Элизабет вышла к нему из своей спальни.
– Дорогой, что ты расшумелся? – спросила она улыбаясь.– Хочешь бисквит?
Элизабет опустилась на колени у манежа, и ее лицо оказалось всего в нескольких дюймах от лица Фримена.
Набравшись мужества, Фримен посмотрел прямо на нее, стараясь заглянуть в большие немигающие глаза. Он взял бисквит, откашлялся и старательно произнес:
– Я не бвой енок.
Элизабет взъерошила его длинные светлые волосы:
– Разве, дорогой? Какая ужасная неприятность!

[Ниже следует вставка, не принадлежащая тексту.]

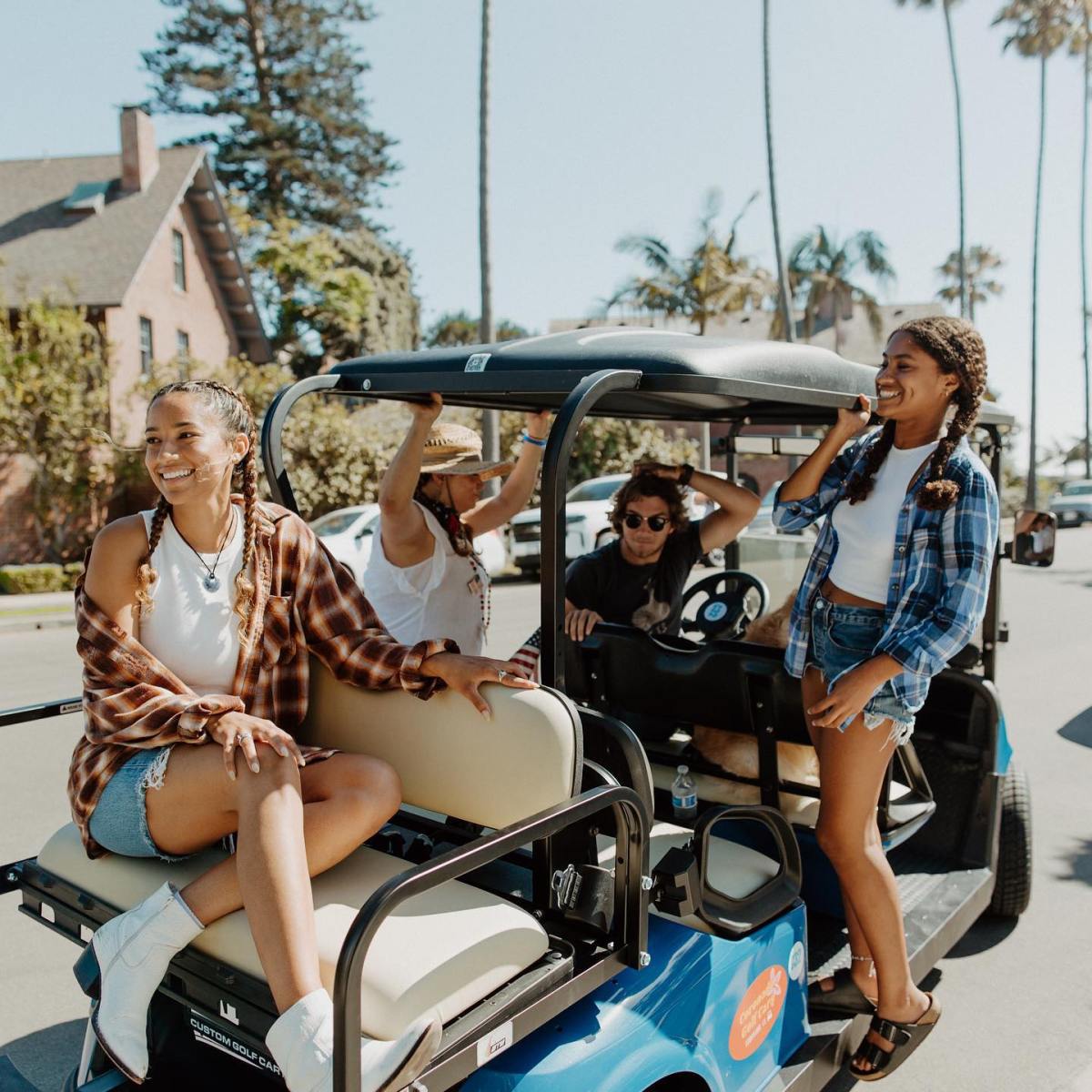 a group of people riding on the back of a truck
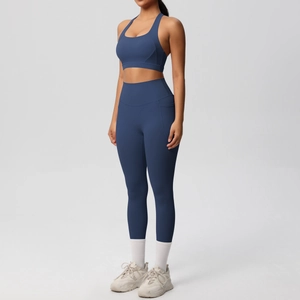 Detail of high-waisted navy blue yoga set with ergonomic seams and stretch fabric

Фримен топнул ногой и скривил губы:
– Я не бвой енок! – завопил он.– Я бвой бупуг!
Посмеиваясь, Элизабет начала освобождать шкаф, стоящий около кровати. Пока Фримен пытался протестовать, сражаясь с потоком согласных, она взяла его клубный пиджак и пальто. Потом постелила простыню, побросала на нее рубашки, носки и все прочее и связала в большой узел.
Элизабет вынесла вещи Фримена, вернулась, сняла с его постели белье, отодвинула кровать к дальней стенке, а на ее место поставила детскую кроватку.
Вцепившись в манеж, Фримен смотрел, как исчезают предметы из его прежней жизни, и не мог произнести ни слова.
– Лисби, бомоби ме, я!..– Он сдался и стал искать что-нибудь, чем можно было бы писать.
Собрав все силы, он сдвинул манеж к стене и большими буквами, слюной, которая текла у него изо рта, написал:
ЭЛИЗАБЕТ, ПОМОГИ МНЕ! Я НЕ РЕБЕНОК.
Затем он начал стучать кулаком в стену, и ему удалось привлечь внимание Элизабет, но когда он показал ей на записку, буквы успели высохнуть. Расплакавшись от огорчения, Фримен прошлепал к стенке и стал восстанавливать свое послание. Прежде чем он успел написать две или три буквы, Элизабет подхватила его на руки и вынула из манежа.
На обеденном столе стоял всего один прибор, а рядом Фримен увидел новый высокий стул. Безуспешно пытаясь произнести что-нибудь членораздельное, Фримен почувствовал, что его сажают на детский стул и повязывают вокруг шеи салфетку.